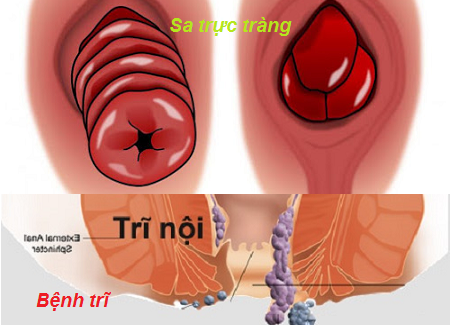 Hat tieu khong chi la gia vi, dung chua benh cung rat tot-Hinh-3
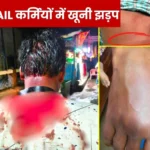 SAIL ISP Violent Clash in two Employees Union Leader Admitted to Hospital, FIR to Be Filed 1
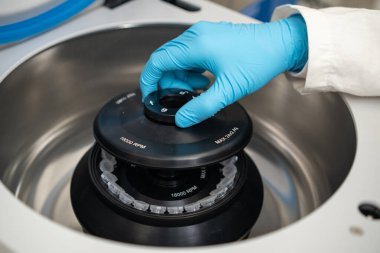 Lastik eldivenli kadın laboratuar teknisyeni santrifüj doldurup kapağı kapatıyor.. 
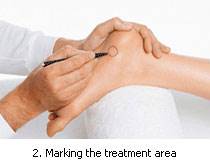 Extra Corporeal Shock Wave Therapy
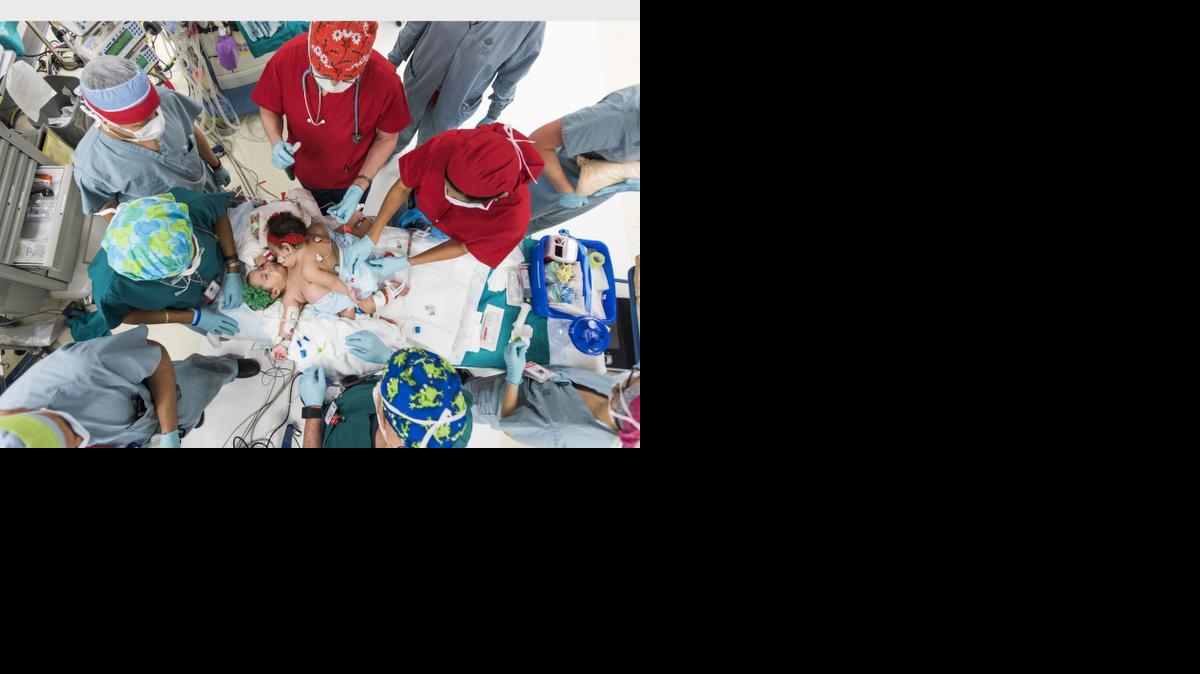 Surgeons and clinicians at Texas Children’s Hospital prepare to separate conjoined twins Knatalye Hope and Adeline Faith Mata. Born in April 2014 at Texas Children’s Pavilion for Women, the girls were successfully separated on Feb. 17, 2015, and are recovering.
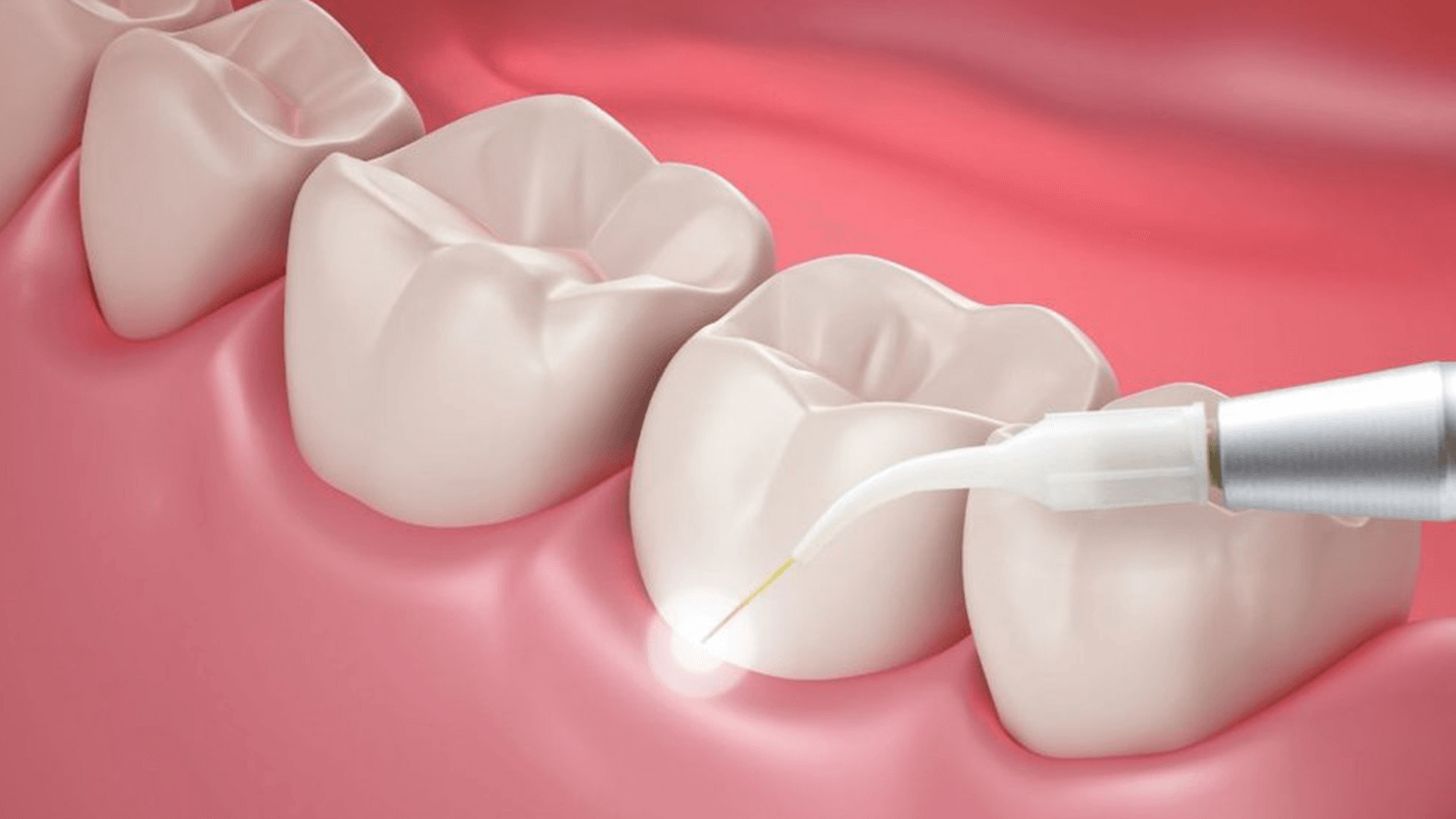 Laser Dentistry, Laser Deep Cleaning & Canker Sore Treatment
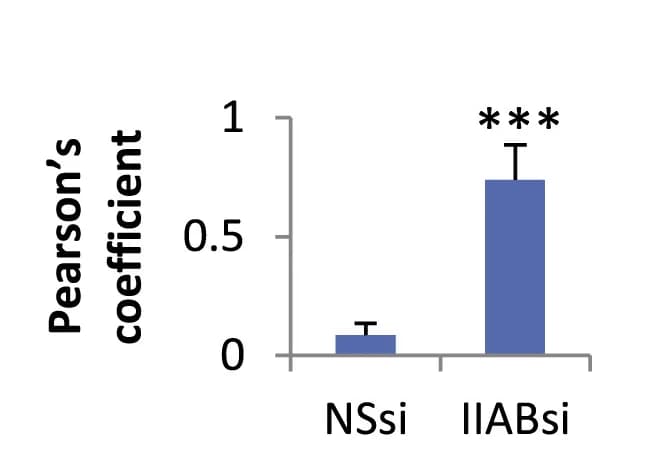 Open access visualization of Bar Plot, Error Bars, Quantification, Pc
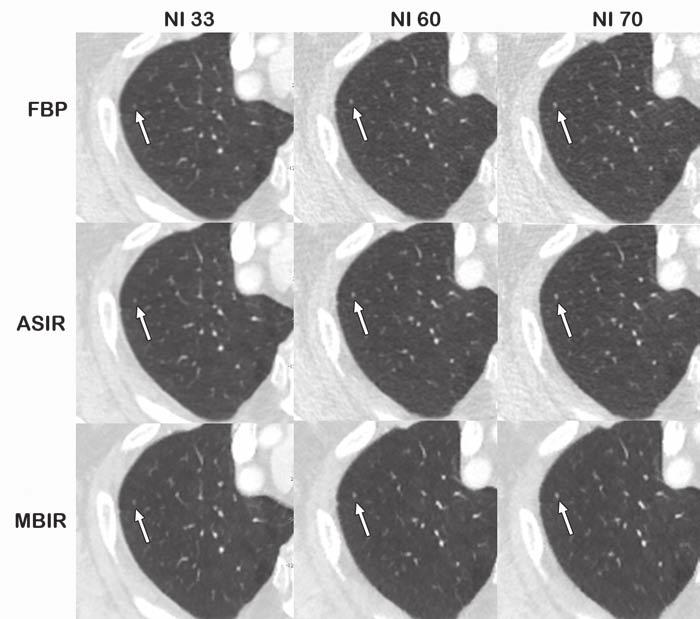 Three Algorithms to Assess Standard- and Low-Dose Chest CT TABLE 2: Diagnostic Acceptability Filtered Back Projection at Lesion Noise Index Lung nodule (n = 24) 100 100 100 100 Soft-tissue lesion (n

## PROMPT
Retype the records in full. Do not carry over the images.

## EXERCISE OUTPUT
 Hat tieu khong chi la gia vi, dung chua benh cung rat tot-Hinh-3
 SAIL ISP Violent Clash in two Employees Union Leader Admitted to Hospital, FIR to Be Filed 1
 Lastik eldivenli kadın laboratuar teknisyeni santrifüj doldurup kapağı kapatıyor.. 
 Extra Corporeal Shock Wave Therapy
 Surgeons and clinicians at Texas Children’s Hospital prepare to separate conjoined twins Knatalye Hope and Adeline Faith Mata. Born in April 2014 at Texas Children’s Pavilion for Women, the girls were successfully separated on Feb. 17, 2015, and are recovering.
 Laser Dentistry, Laser Deep Cleaning & Canker Sore Treatment
 Open access visualization of Bar Plot, Error Bars, Quantification, Pc
 Three Algorithms to Assess Standard- and Low-Dose Chest CT TABLE 2: Diagnostic Acceptability Filtered Back Projection at Lesion Noise Index Lung nodule (n = 24) 100 100 100 100 Soft-tissue lesion (n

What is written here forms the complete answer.